[Start of section]

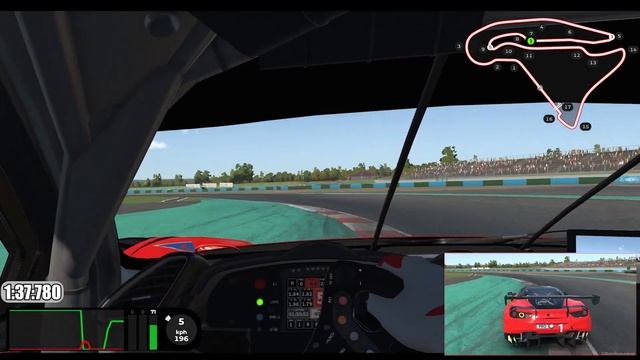 ?iRacing Ferrari GT3 Challenge S2 2023 W4 - Magny-Course Guide Lap? смотреть онлайн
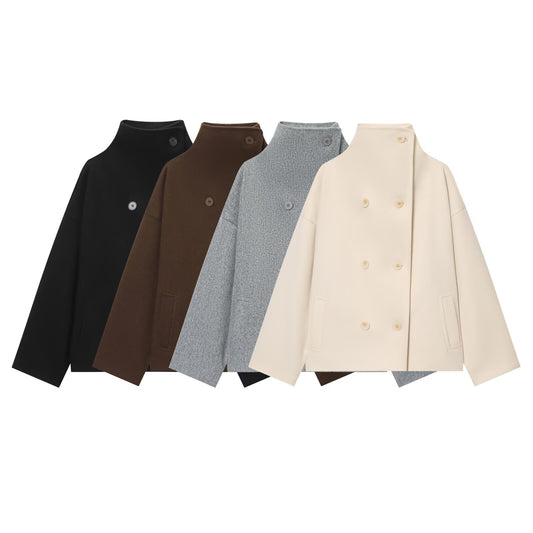 Lightweight Suit Collar Down Cotton Padded Coats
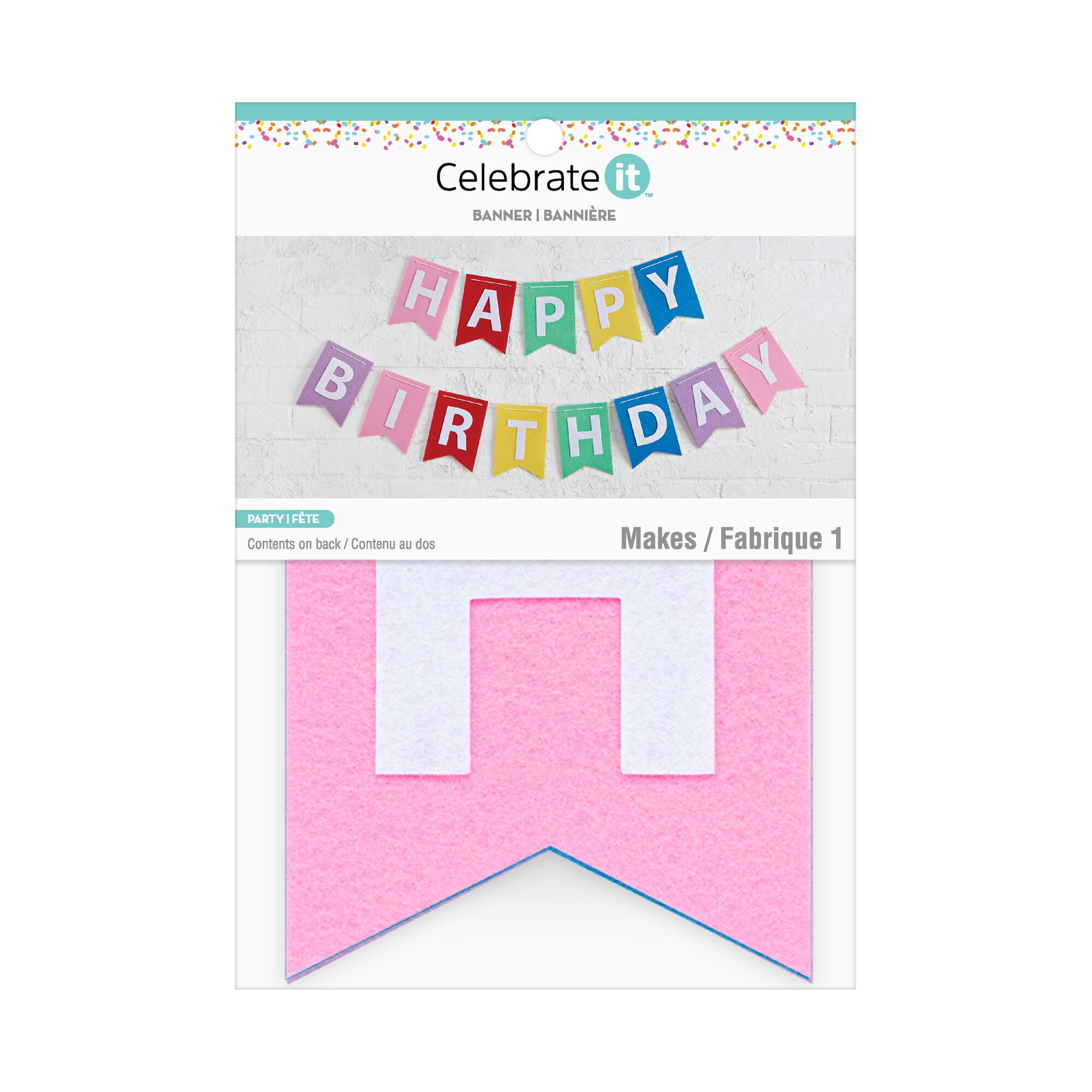 Happy Birthday Felt Garland by Celebrate It™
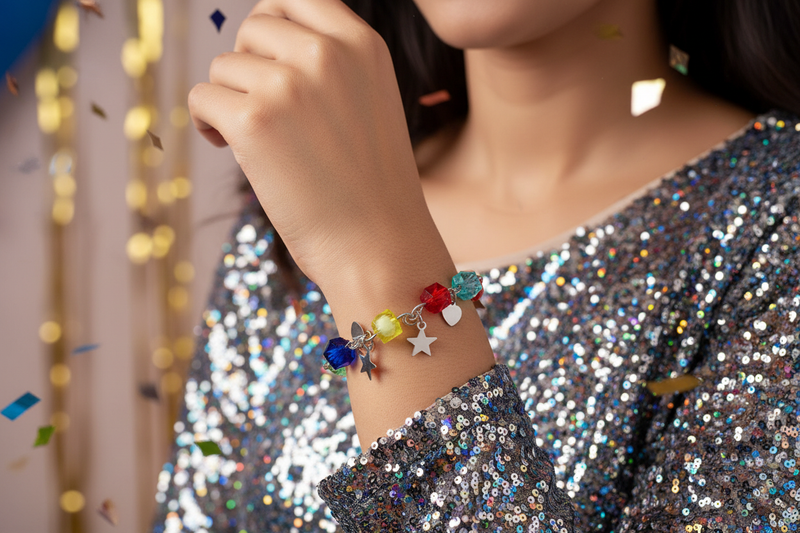 Crystal Star Chain Bracelet Party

[End of section]

- [Exercise prompt] Word for word, restate each line above, minus its pictures.

- [Output of the task]
 ?iRacing Ferrari GT3 Challenge S2 2023 W4 - Magny-Course Guide Lap? смотреть онлайн
 Lightweight Suit Collar Down Cotton Padded Coats
 Happy Birthday Felt Garland by Celebrate It™
 Crystal Star Chain Bracelet Party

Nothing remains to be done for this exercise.